Overpaid Athletes

Lucas DavisCorrespondent IJuly 24, 2008

In our society today, professional athletes are paid millions of dollars, some more deserving than others. Barry Zito has been the poster child for overpaid athletes for the past few years. But Zito isn't the only one who is being thrown millions at to do nothing. If you're wondering why Zito isn't on this list, its because I don't think its worth mentioning. You all ready know how he has done since he signed his $126 million contract.

Stephon Marbury, New York Knicks,  $19.1 million

In my opinion, he is probably one of the most selfish guys in the NBA today. I mean it should be evident in the fact that the guy names all three of his kids after him (even one girl) Stephanie, Stephon Jr. and Xavier (his middle name). The guy is a disaster for the Knicks, a center for media attention of the conflict between the two. The Knicks should just do the smart thing and get rid of the guy like the Pacers did with Ron Artest, he's just not worth the hassle or the pay. Obviously the guy hasn't helped the Knicks very much, and he's not getting along with anyone on the team. That alone is enough to land Stephon Marbury on this list.


Ben Wallace, Cleveland Cavilers, $15.5 million

The reason why most athletes don't do as well after they get paid the big bucks is because of that exact reason. When Wallace was in Detroit, he was making near the league minimum. Wallace worked hard on defense and became one of the best defense of players in the league. Then when he signed a four-year, $50 million with Chicago in 2006, Wallace's numbers collapsed. He used to work for his money. Now he's got it and he doesn't feel he should try very hard anymore. I also feel Wallace became famous because of his funky hair. Wallace has the talent to be paid $50 million, but unless he works harderm he's going to be on this list.  

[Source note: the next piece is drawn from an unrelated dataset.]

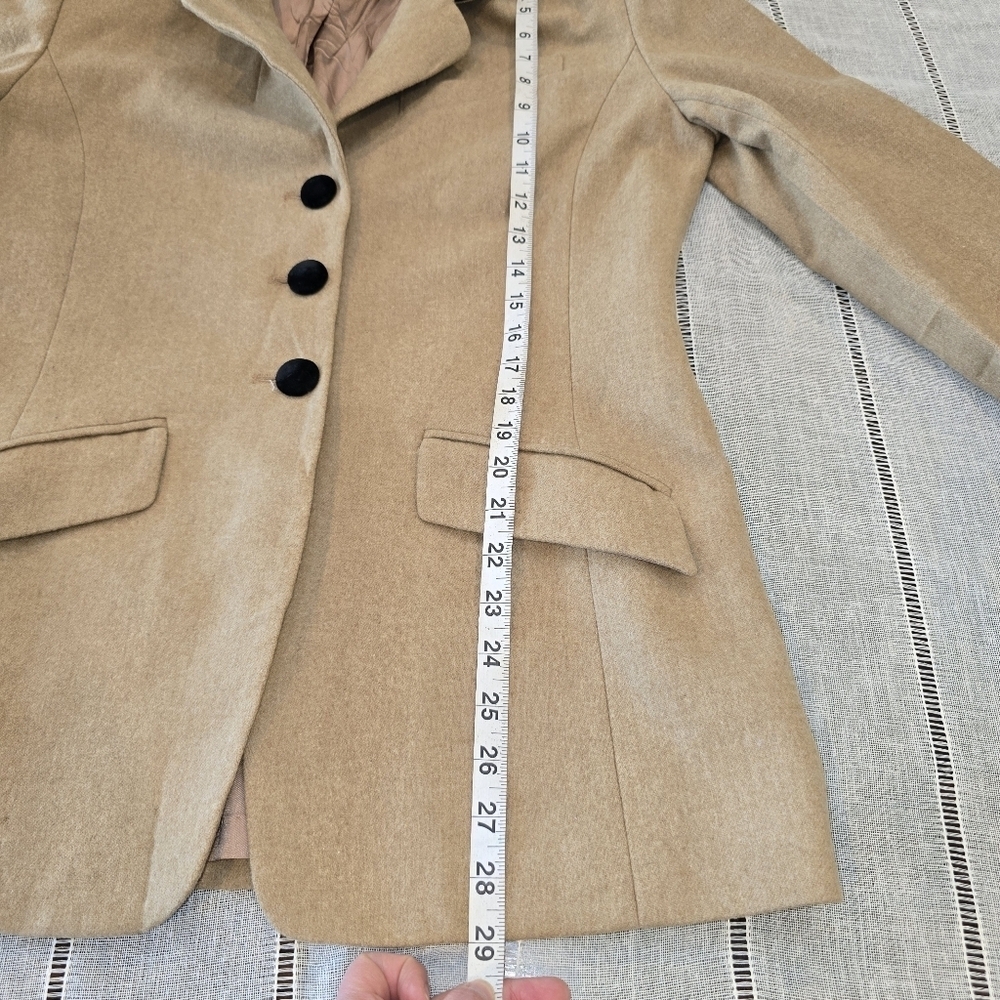 PENDLETON 100% Virgin Wool Size 10 Camel Blazer w/Black Velvet Collar & Button - Picture 7 of 13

Tracy McGrady, Houston Rockets, $19 million

One word, PLAYOFFS!?!?!?! I'm not denying this guy has incredible skills, but it doesn't matter how good you are unless you can win. The reason why you practice so much is so when the game counts, you're ready to take control. The regular season doesn't mean anything once the playoffs begin, and McGrady has shown that he is incapable of winning in the playoffs. And don't tell me he doesn't have a good enough supporting cast. Okay, maybe in Orlando but in Houston, heck no! He plays with Yao Ming. And don't forget about Raford Alston. McGrady gets paid more per year than Lebron James. James already has reached the NBA Finals by himself. Just like Wallace, McGrady is worth the money as long as he can win when it counts.


Jason Schmidt Los Angeles Dodgers $15 million

All I have to say is the guy has pitched six times since he joined the Dodgers in 2007. The Dodgers knew or should of known exactly who they were getting when they signed him. Back when Schmidt pitched in San Francisco, he was dominate, but injuries always hurt him, figuratively and physically. I would be surprised if he ever pitches more than 10 times in a season again. 

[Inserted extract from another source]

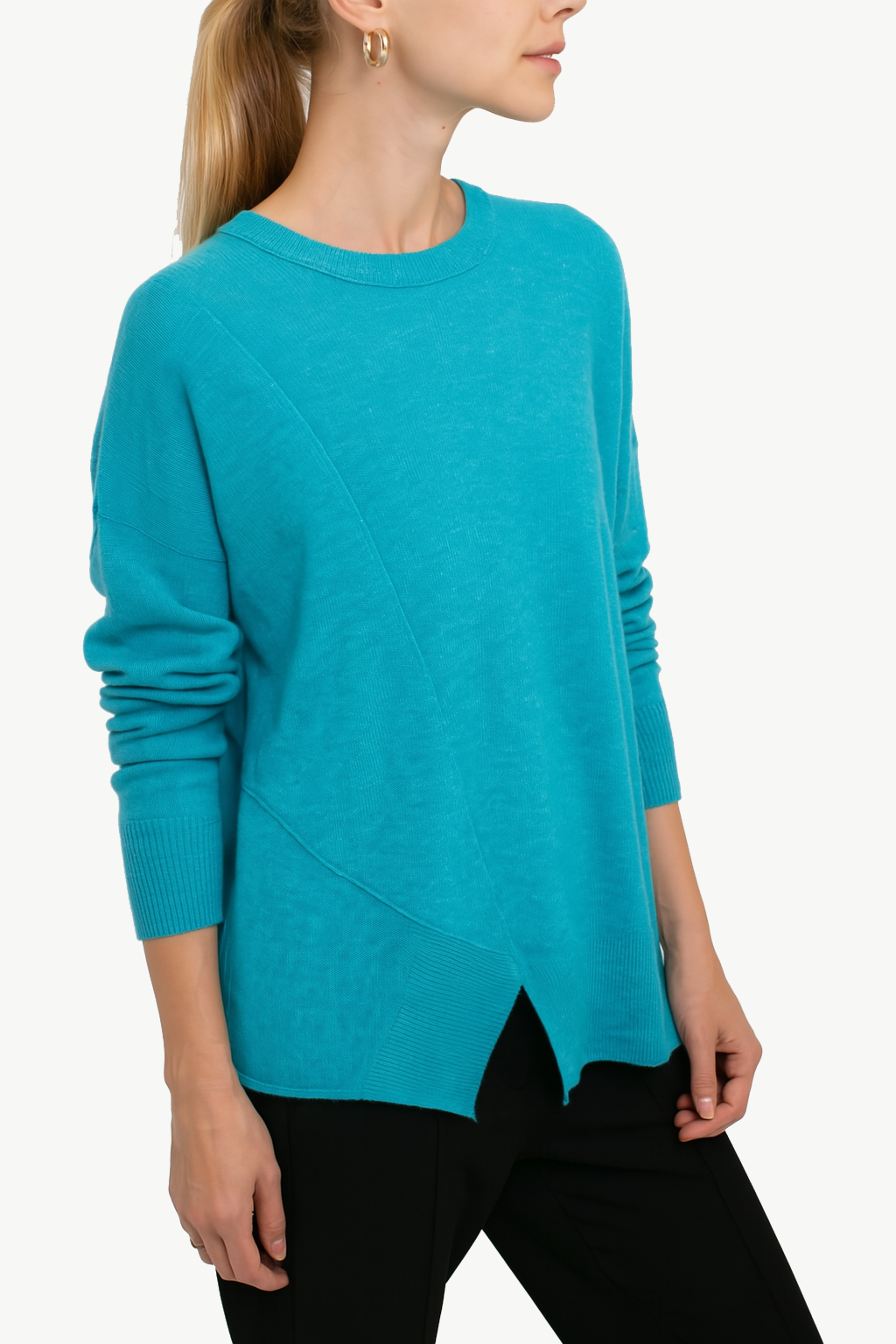 Cashmere Long Sleeve Assymetric Sweater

Carlos Delgado, New York Mets, $16 million

Delgado turned 36 last month and definitely started to show his age. Delgado is batting .261 with and OBP of .346. He's a streaky hitter who can get hot, but then cool off and be terrible. There are a ton of young athletic first baseman out there that are much better than Delgado. His numbers have slipped every year, but his salary continues to go up. If the Mets want to be contenders in the tough NL East they aught to let him go.


Rex Grossman, Chicago Bears, $2 million

Grossman got a lot of credit for leading a weak Bears offence to the Super Bowl back in 2006-2007 season against the Indianapolis Cults. When really it was the defence that lead that team. Grossman in 2007 had the worse starting QB rating. Joey Harrington had a better QB rating. The Bears need to decide whether or not he will be the starter and stick with that decision. If they decide not for him to be a starter than its time for him to go. No point of paying someone the big bucks to sit on the bench. I could do that.